Il était sergent au 69° R. I. Il faisait donc partie de la division de fer, de Nancy, dont les exploits, aussi nombreux que célèbres, se comptent par les jours et les victoires de la campagne, et lui ont valu la distinction suprême, la fourragère aux couleurs de la Légion d'Honneur (1). Avec la division de fer, il avait défendu le Grand Couronné de Nancy, vécu cette lutte épique de l'Yser, où s'illustrèrent également les fusiliers marins. Une annonce parue dans la Croix nous mit en relation avec lui, mais, hélas! c'était quand ses jours étaient déjà comptés. Le 25 septembre, il scellait de son sang la victoire de Champagne. Sa mort fut aussi obscure que ses campagnes. Enfin, après bien des mois de recherches, nous reçûmes la lettre suivante de son aumônier :

« Mon Révérend Père, j'ai, ce me semble, déjà écrit à quelqu'un au sujet du Fr. Lambert. Si mes souvenirs sont fidèles, ce devait être au curé d'une paroisse de Nancy. Dans cette lettre, j'ai dit quelle édification cet excellent sous-officier avait produite parmi nous et j'ai dû faire son éloge.
Je me rappelle que ses hommes l'aimaient bien et que, sous la mitraille, ils prenaient modèle sur lui, répondant volontiers au chapelet qu'il se plaisait à dire lorsque le danger devenait pressant.
C'était un modeste, en même temps qu'une âme très délicate, une âme d'artiste.

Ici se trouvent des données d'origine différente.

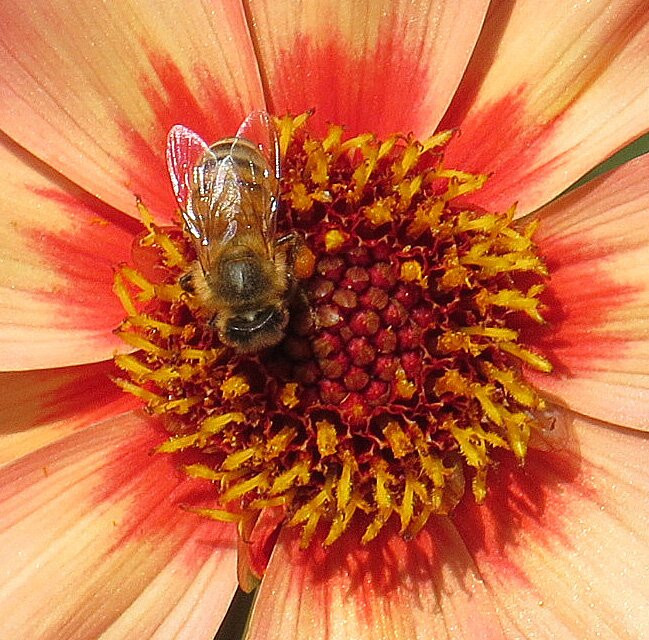 Willowwood Arboretum-Far Hills必去景点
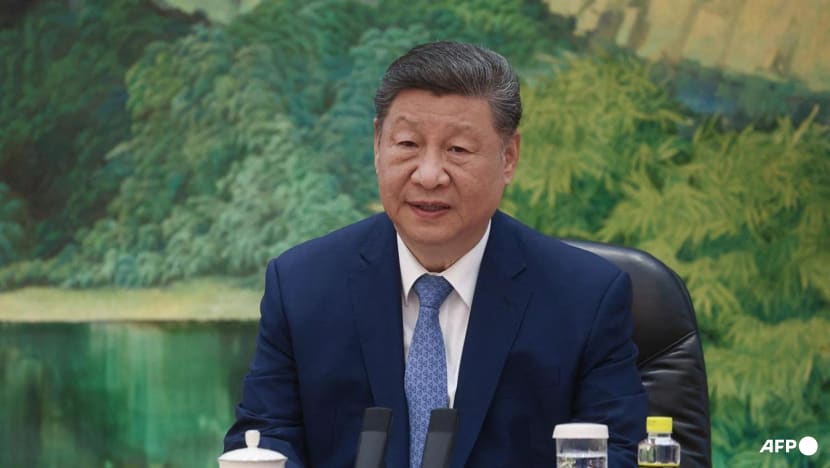 China, Russia should safeguard security, development interests, says Xi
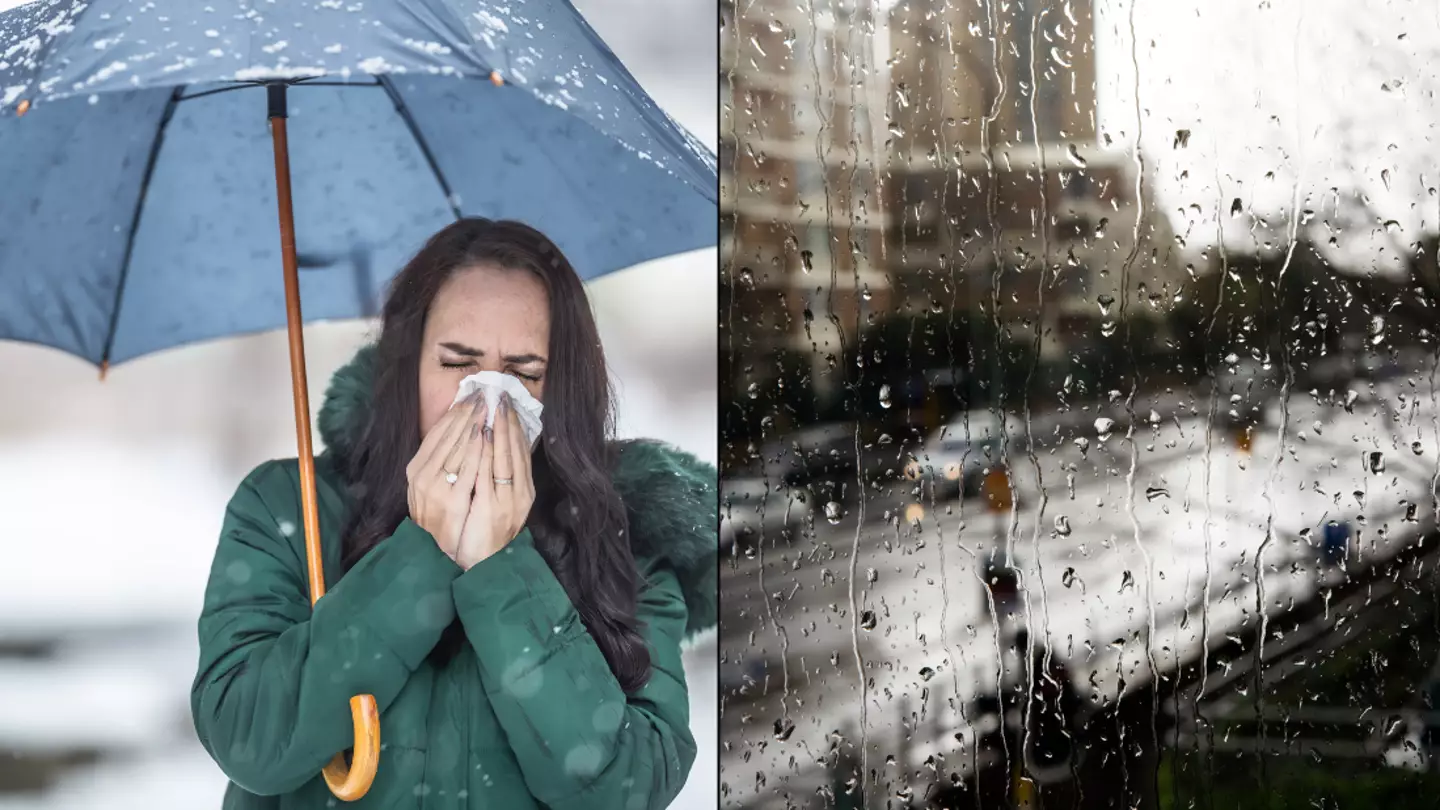 Doctor warns people of the seven signs that could indicate you suffer from seasonal depression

II s'effaçait, ne cherchait pas à se produire, et cependant se montrait fort serviable pour agrémenter nos cérémonies religieuses par son talent d'organiste qui était très remarquable. Je l'ai vu s'approcher de la Sainte Table toutes les fois qu'il le put, en marche, au cantonnement, en secteur. I1 était fidèle à nos exercices du soir, puisqu'il y tenait l'orgue.
La nuit qui précéda sa mort, il se montra particulièrement énervé. Un rien l'excitait. Tout obus qui passait lui faisait une peur inaccoutumée et son âme était triste. Il confiait à ses voisins que rien ne marcherait et qu'il n'en reviendrait pas. Et comme si les événements se conformaient d'eux-mêmes à ses pressentiments, il fut tué avant l'attaque, dans le boyau où sa section attendait l'heure de l'assaut. Il s'était mis à genoux les mains en avant et le corps penché pour éviter l'obus qui le frappa. Il avait communié la veille, pendant la messe que j'avais dite, le 24 septembre au matin, dans un petit bois, près de S. Jean sur Tourbe. J'ai perdu en lui un excellent ami, très édifiant, observateur exact de sa règle religieuse, fidèle à la prière, en un mot un confrère dont les rapports m'étaient des plus agréables.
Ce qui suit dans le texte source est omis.